Every cosmopolitan city has at least one legendary hotel that defines the ultimate, aspirational stay, when money is no object. Lucky Paris then, to have four - though one of its greatest, The Ritz Paris, closed its doors on 1 August 2012 for a two-year restoration project. In the meantime it falls to the Plaza Athénée, the Hotel de Crillon and the George V, all 5-star palaces, to maintain Parisian luxury at legendary levels. With their stellar guest lists, each hotel has fascinating stories to tell. World renowned chef Alain Ducasse presides over four gourmet restaurants at the Hôtel Plaza Athénée. The Hôtel George V opened in 1928, at the height of the roaring 20s and, in an example of entente cordiale, was named for the English king then on the throne. It is decorated with 9,000 flowers, fresh from the Netherlands, every week. The Hôtel de Crillon, on the Place de la Concorde, was commissioned by King Louis XV in 1758 and opened as a hotel in 1909, making it one of Paris' oldest. The place is full of historic milestones.

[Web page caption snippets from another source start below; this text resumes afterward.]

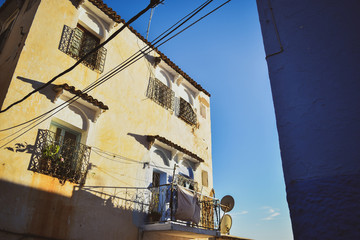 Low-angle views of Moroccan houses in Chefchaouen [2]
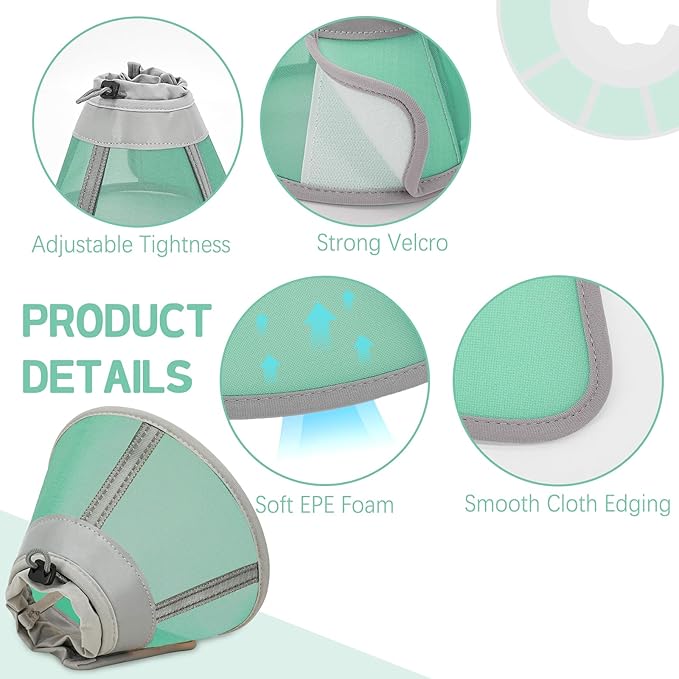 Cat Cone Collar Soft, Cat Recovery Collar for Large Medium Small Cats Kittens, Kitten Cone Alternative After Surgery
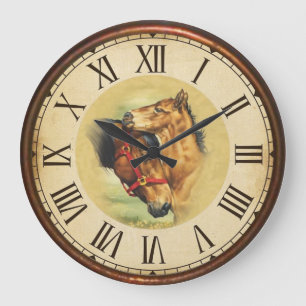 Horses Large Clock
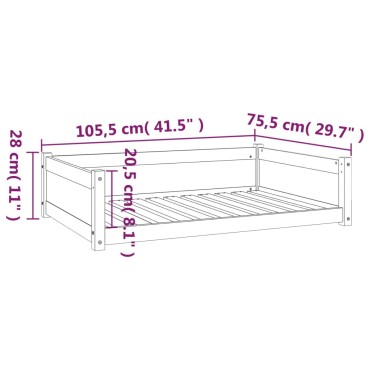 vidaXL Κρεβάτι Σκύλου άσπρο 105,5x75,5x28 εκ. από Μασίφ Ξύλο Πεύκου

The ill-fated Louis XVI and Marie Antoinette were married here; the League of Nations Treaty was signed here and, in 1778 the Franco-American Treaty, recognizing the American Declaration of Independence, was signed here by Benjamin Franklin.

 

The Classics

 

Paris has no shortage of other 5-star luxury hotels. The Lancaster, in a Belle Epoquehotel particulière (a private urban mansion), was home to Marlene Dietrich in the 1930s and has a kitchen overseen by master chef Michel Troisgros. The Hôtel de Vendôme keeps an eye on its rival, The Ritz, just across the Place Vendôme. The light and airy Hôtel Le Bristol boasts some of the largest guestrooms in Paris, a Michelin 3-star restaurant and fashion teas with collections from its neighbours in the rue du Faubourg Saint Honoré. The Hôtel Le Meurice, overlooking the Tuileries Gardens, began as a coach inn in 1817 and moved to its current location in 1835. A 20th century hotel of choice for artists, writers, musicians and movie stars, it may have nearly 200 years of history but its newest rooms have been decorated by Philippe Starck.